Hurricanes like Irene are prime times for phishers to start attacking. In fact, they are so prevalent that the Department of Homeland Security sent out a phishing alert right before Hurricane Irene hit. During highly-publicized natural disasters, people check their computers more often, looking for pictures and waiting for news. People in the affected regions use social networking tools to get messages to family and friends. Public officials and credit card companies, who are often able to shut down phishing sites quickly, have more important responsibilities on their plates. As a result, these sites stay online longer than they normally would.
Here's how scammers can trick you into responding to phishing attempts during natural disasters--and how to make sure you don't get scammed.
- Don't let your curiosity get the best of you.

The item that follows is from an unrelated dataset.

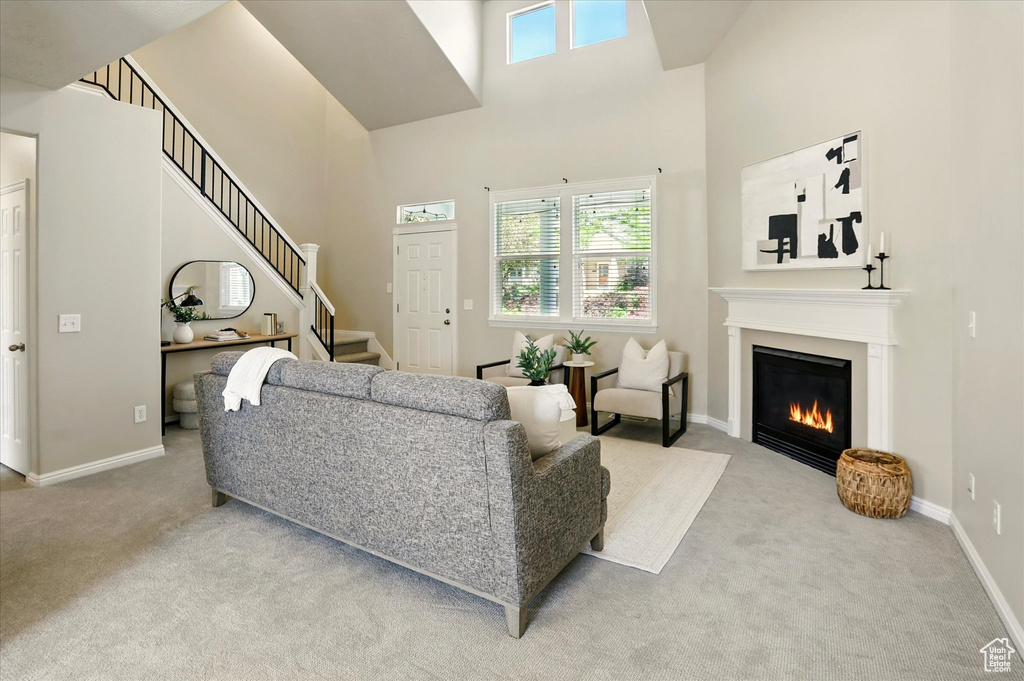 Living area featuring carpet floors, a towering ceiling, a glass covered fireplace, stairs, and baseboards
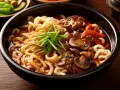 Gęsty, aromatyczny curry udon z wołowiną, grzybami i szczypiorkiem. Pyszne danie w czarnej misce.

Don't open up email attachments or click on links in your email, even when the subject lines make you hungry for more. Phishers prey on your curiosity. That email that appears to be a news article or series of hurricane-related photographs could actually be a phishing attack. Get your news and photos directly from the Internet by doing a search and for information from reputable news sites.
- Never respond directly to an emailed request for money from a charity. People are more likely to open their wallets during disasters like Irene, but make sure you're not opening yours up to thieves. Always donate to organizations you know you can trust. Use guidestar.com or another reputable source to evaluate the organization you are donating to, and never donate directly through an email link. Instead, type the organization's URL directly into a browser. If you want to respond to a specific person, do an email search to find the email address. Don't just copy and paste information from your original email. Phishers often disguise their URLs and create sites that look so real, you'll think you're donating to a charity when you're not.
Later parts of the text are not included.